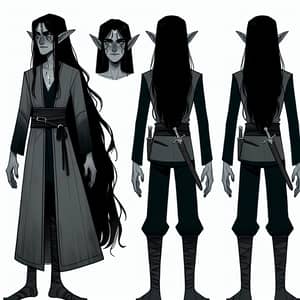 Dark Elf Woman with Long Black Hair and Green Eyes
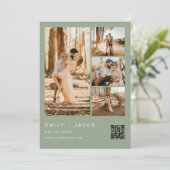 Sage Green Minimalist Photo QR code Wedding 招待状 (スタンド正面)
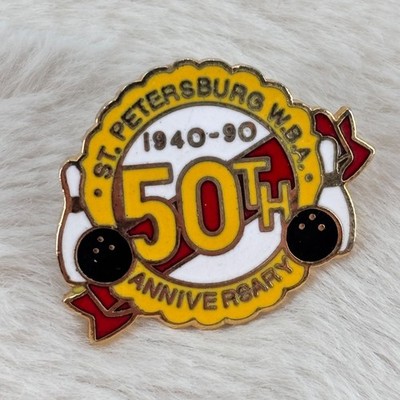 Vtg 1990 St Petersburg Florida WBA Womens Bowling Member Enamel Lapel Pin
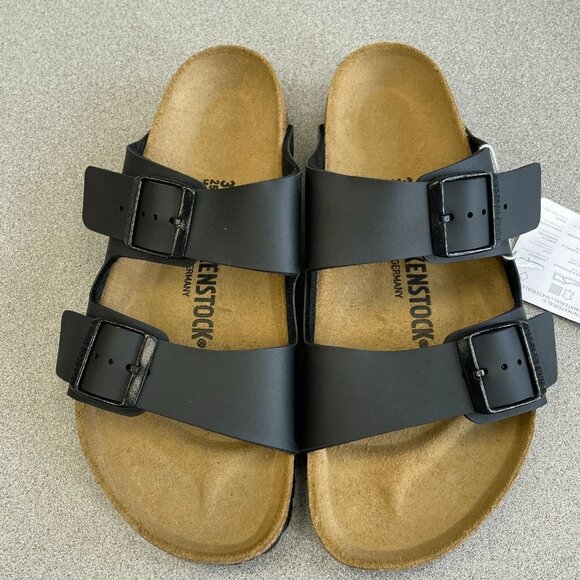 NEW Birkenstock Arizona Oiled Leather Black Cork Slide Sandals Women's Size 8US/ - Picture 5 of 11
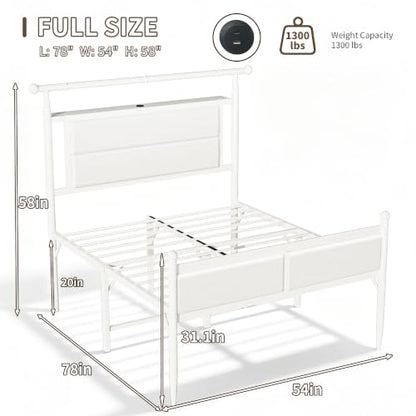 Full Size Metal Bed Frame with Upholstered Headboard and Led Lights, White, view 3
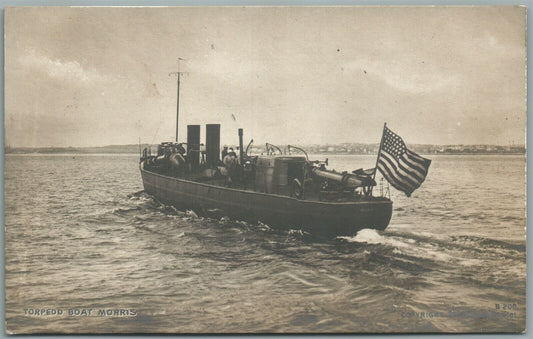 MILITARY SHIP TORPEDO BOAT MORRIS VINTAGE REAL PHOTO POSTCARD RPPC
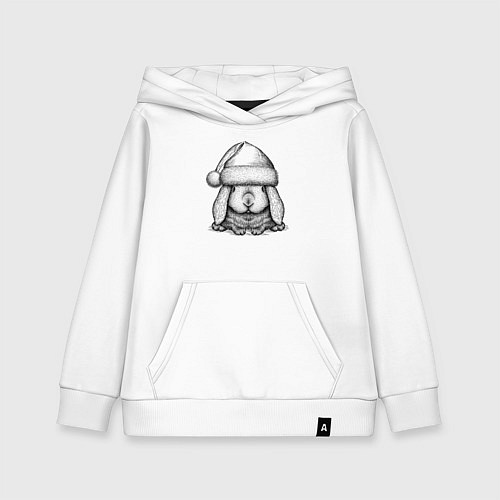 Детская толстовка-худи Зайка в новогодней шапке / Белый – фото 1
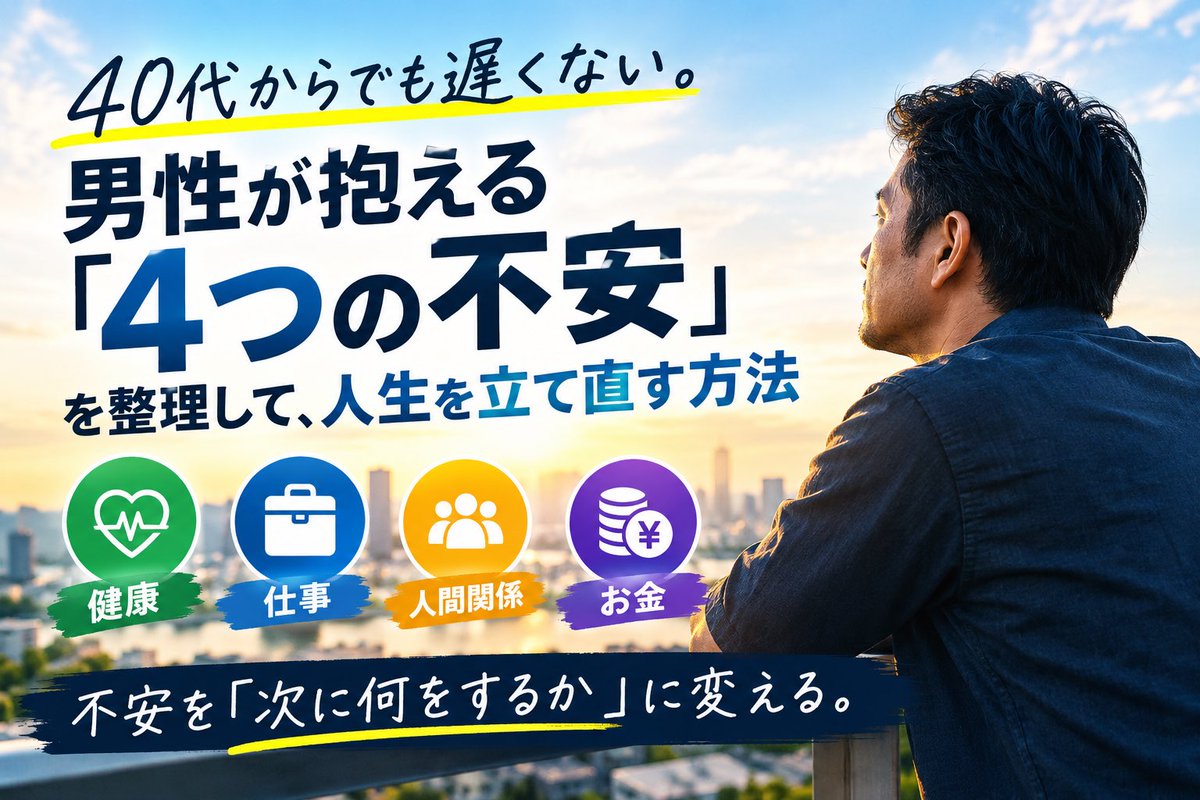 Kozirous's tweet photo. 40代からでも遅くない。男性が抱える「4つの不安」を整理して、人生を立て直す方法｜坂下 月 https://t.co/GvE5DORkU1 https://t.co/kJ91ogsAMm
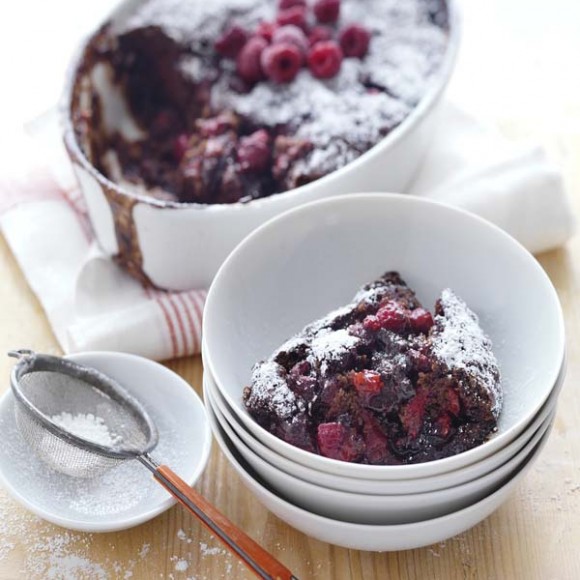 Choc and Raspberry Self-saucing Pudding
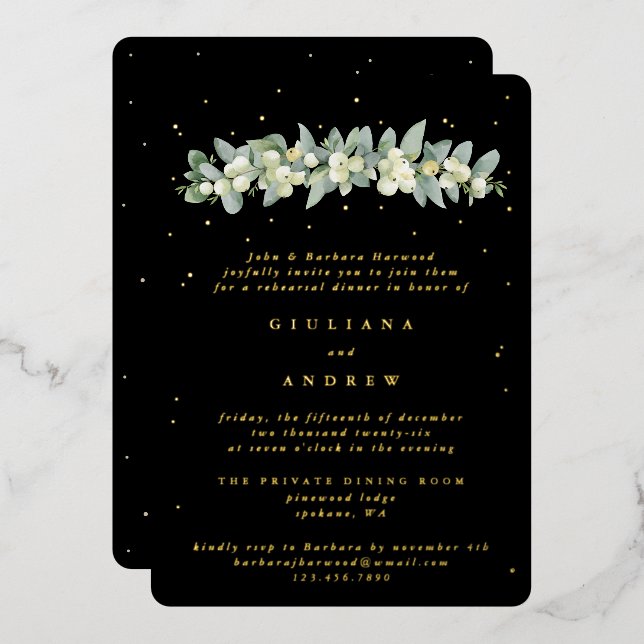Black Snowberry+Eucalyptus Wedding Rehearsal Foil Invitation (Front/Back)
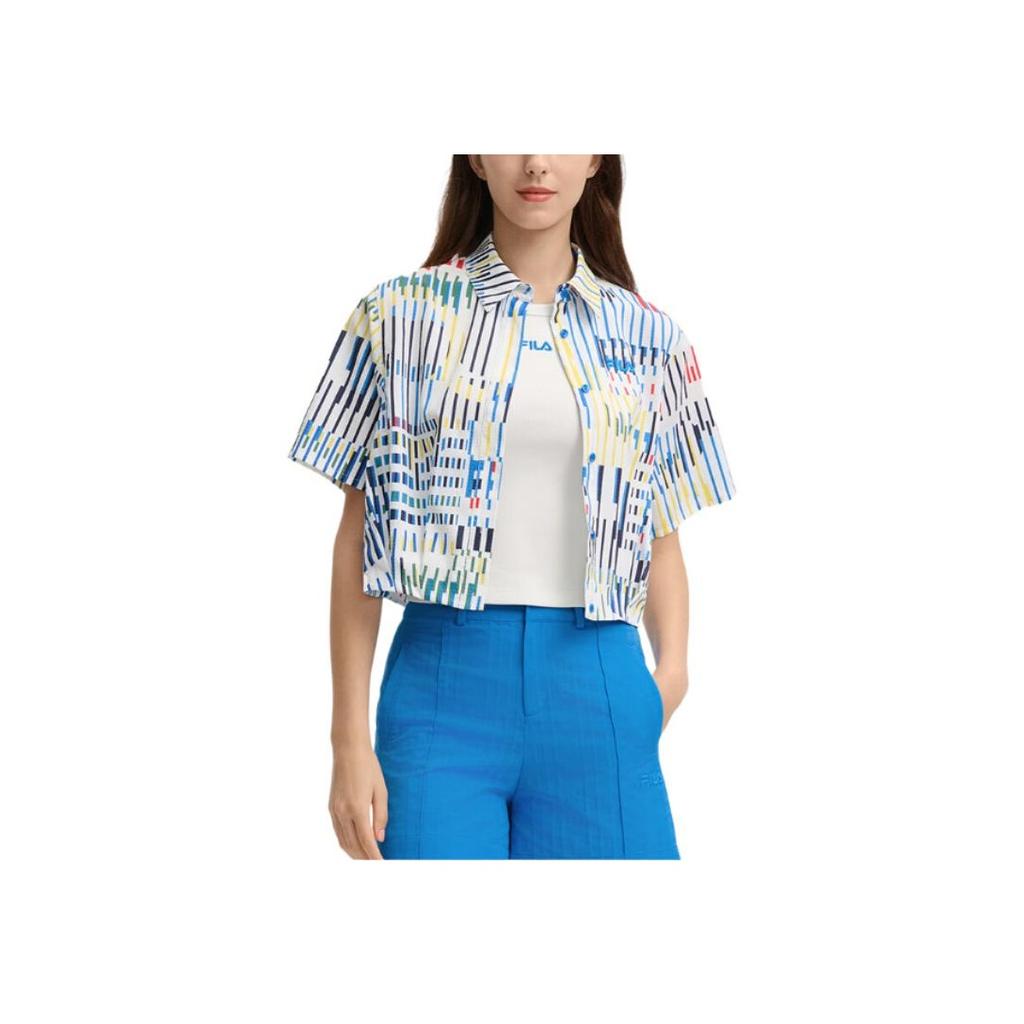 New FILA X PENGPIDUZHONGXIN SS24 Shirt Women's All Over Print F11W438408F-ZA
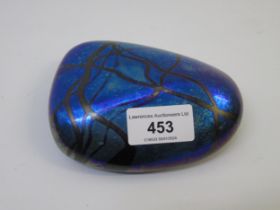Siddy Langley, iridescent pebble form glass paperweight, dated 1998
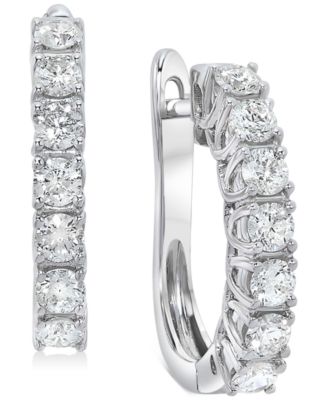 Macy's - Diamond Small Huggie Hoop Earrings (1 ct. t.w.) in 14k White Gold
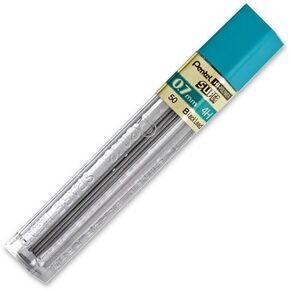 Pentel Super Hi-Polymer Lead - 0.7mm - Medium Point - 4H - Black for Pentel Mechanical Pencil - 12 / Tube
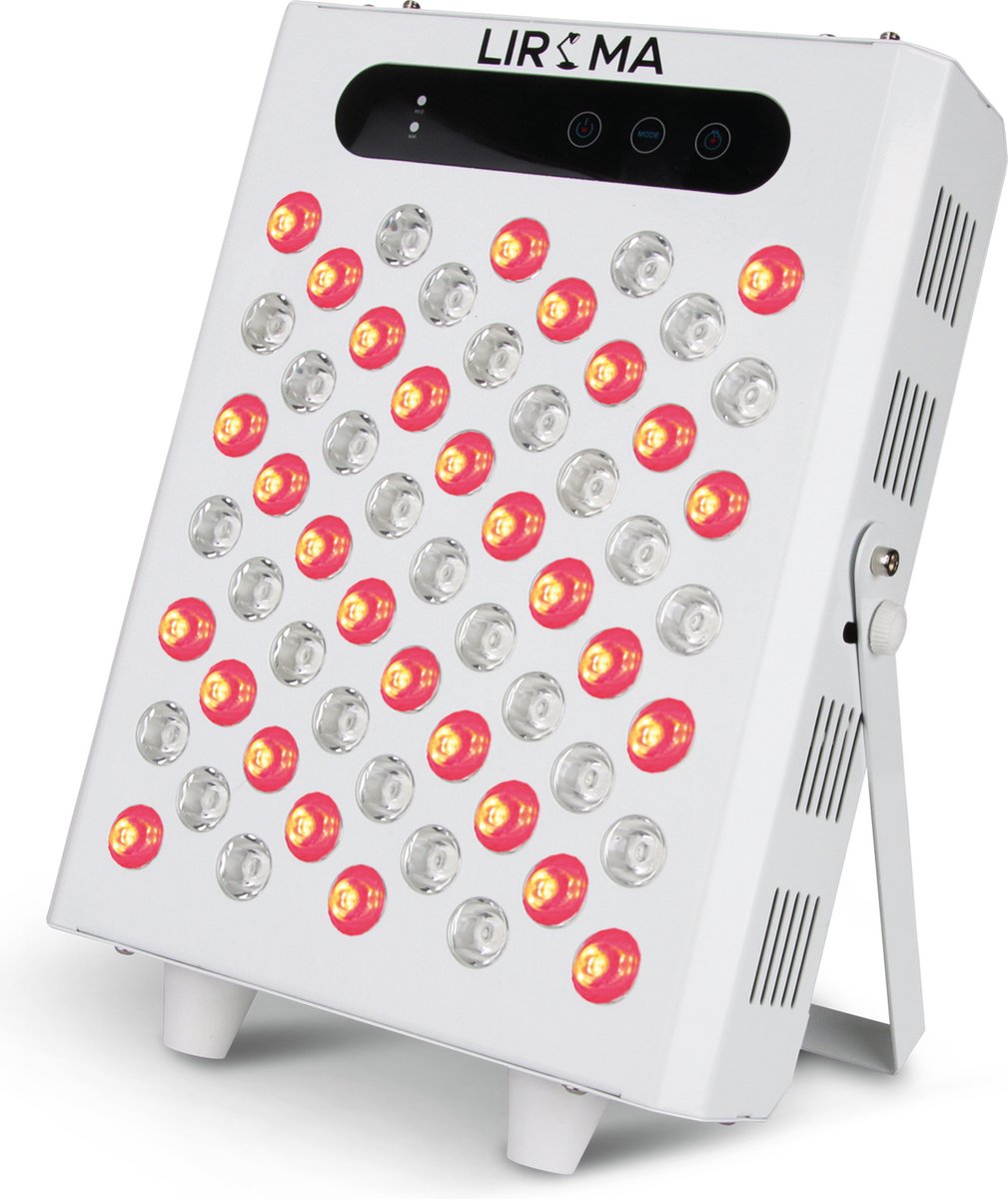 LIROMA® LED Infraroodlamp - 4 Golflengtes - Timer - Rood licht therapie - Collageen Lamp – Bevordert bloedcirculatie – Fibromyalgie - Warmtelamp - Lichttherapie - Infrarood sauna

##############################

TASK>
The lines to copy exactly start with the line above that has "Full Size Metal" and go on through the line that has "Детская толстовка-худи Зайка"; please include both, add nothing else, and omit the pictures.

ANSWER TO THIS PROBLEM>
 Full Size Metal Bed Frame with Upholstered Headboard and Led Lights, White, view 3
 MILITARY SHIP TORPEDO BOAT MORRIS VINTAGE REAL PHOTO POSTCARD RPPC
 Детская толстовка-худи Зайка в новогодней шапке / Белый – фото 1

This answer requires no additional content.